Bone flute found in China at 9,000-year-old Neolithic site
Upton, NY - Researchers in China have uncovered what might be the oldest playable musical instrument. Their work is described in a paper published in the September 23 issue of the scientific journal Nature.
Recent excavations at the early Neolithic site of Jiahu, located in Henan province, China, have yielded six complete bone flutes between 7,000 and 9,000 years old. Fragments of approximately 30 other flutes were also discovered.
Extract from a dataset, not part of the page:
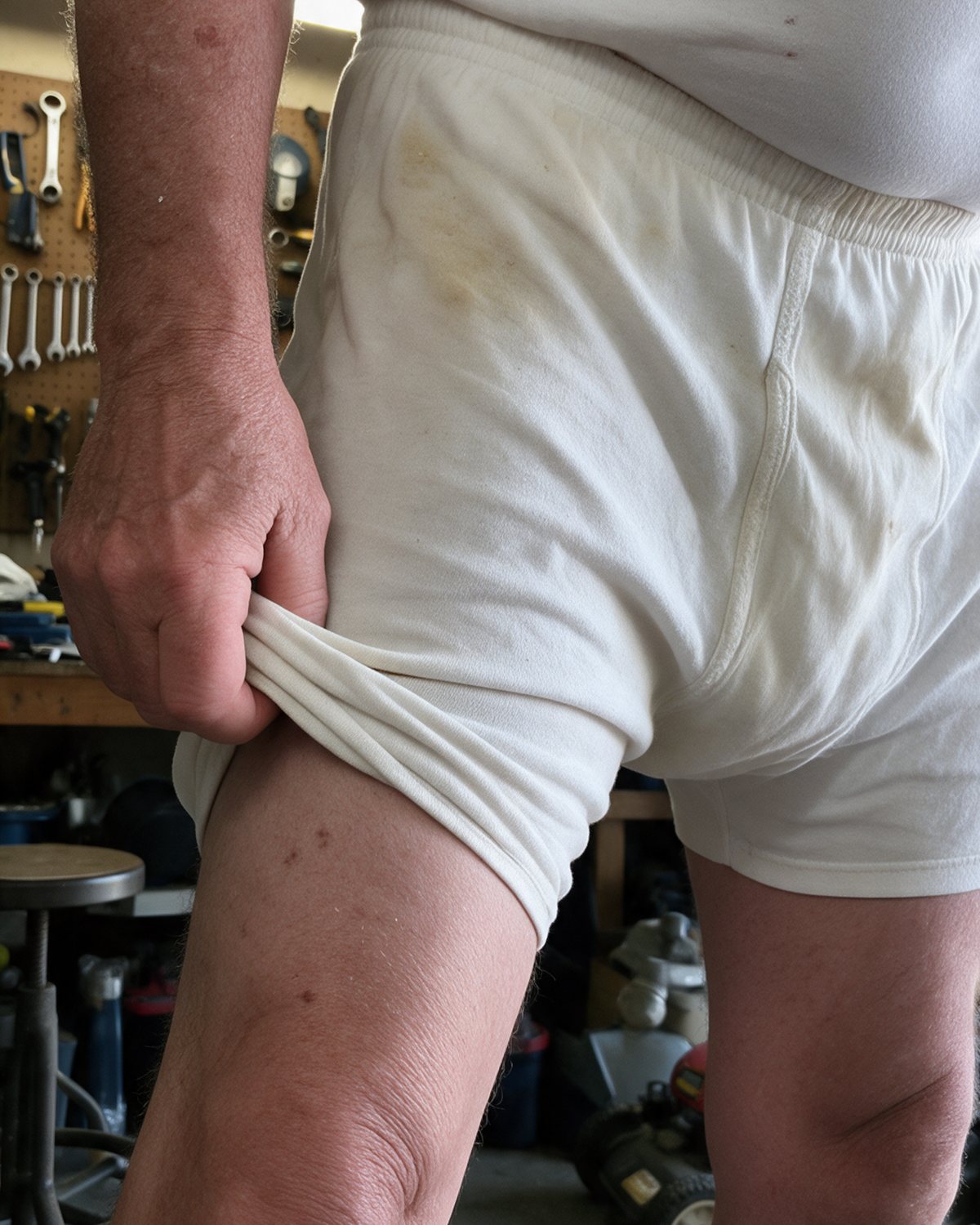 A man pulling down the leg of his cotton boxers that rode up his thigh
The flutes may be the earliest complete, playable, tightly-dated, multinote musical instruments.
Garman Harbottle, a chemist at the U.S. Department of Energy's Brookhaven National Laboratory and member of the Jiahu research team, helped analyze data from carbon-14 dating done in China on materials taken from the site. "Jiahu has the potential to be one of the most significant and exciting early Neolithic sites ever investigated," said Harbottle. "The carbon dating was of crucial importance to my Chinese colleagues in establishing the age of the site and the relics found within it."
The exquisitely-crafted flutes are all made from the ulnae, or wing bones, of the red-crowned crane (Grus japonensis Millen) and have five, six, seven or eight holes. The best-preserved flute has been played and tonally analyzed in tests at the Music School of the Art Institute of China.
The discovery of these flutes presents a remarkable and rare opportunity for anthropologists, musicians and the general public to hear musical sounds as they were produced nine millennia ago. To hear an audio recording of the flute, go to http://www.bnl.gov/bnlweb/flutes.html on the World Wide Web.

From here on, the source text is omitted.